Officials hope to remove a car which was driven up Snowdon soon, but bad weather on Wales' highest mountain could hamper their efforts.
Snowdonia National Park officers aim to take the 4x4 from near the top of the 1,085m (3,560ft) peak on Wednesday.
But no decision has yet been taken on how it will it be brought down.
Craig Williams, 39, who described himself as an out-of-work freelancing vehicle recovery technician, is accused of driving on moorland or common land.
Mr Williams, from Gloucestershire, who said driving the vehicle up Snowdon was on his list of 50 things to do before he dies, was criticised for his actions.
On Monday he had said he hoped to be permitted to drive it back from where it got stuck, about 400 yards (365m) from the top, next to the railway line.
Alan Kendall, the general manager of the Snowdon Mountain Railway said there were four options to get it back down.
"It could be winched off by helicopter, broken up and brought down in pieces, ramped onto a flat bed truck and brought down on the railway or driven down," he said.
But the railway company has said that any recovery was unlikely on Tuesday because of the bad weather.
Overnight torrential rain and winds gusting 69mph lashed Snowdonia.

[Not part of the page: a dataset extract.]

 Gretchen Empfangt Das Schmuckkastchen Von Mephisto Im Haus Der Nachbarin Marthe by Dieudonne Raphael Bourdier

BBC Wales weather forecaster Sue Charles said 55mm (2in) of rain fell on Capel Curig in Snowdonia in 24 hours, and it was also the windiest place, with gusts of 69mph (111km/h) recorded.
The mountain lies at the heart of the Snowdonia National Park.
The park called Mr Williams' actions unacceptable.
"The latest is that the car will be moved tomorrow, but at the moment we are unsure how the car will come down," said a spokesman.
"Discussions are continuing about how to resolve the issue.
"Because the vehicle is so high up too, the weather is also a factor because of high winds," he added.
Craig Williams has been charged with an offence of driving on moorland or common land and has been bailed to appear before Caernarfon magistrates on 16 September.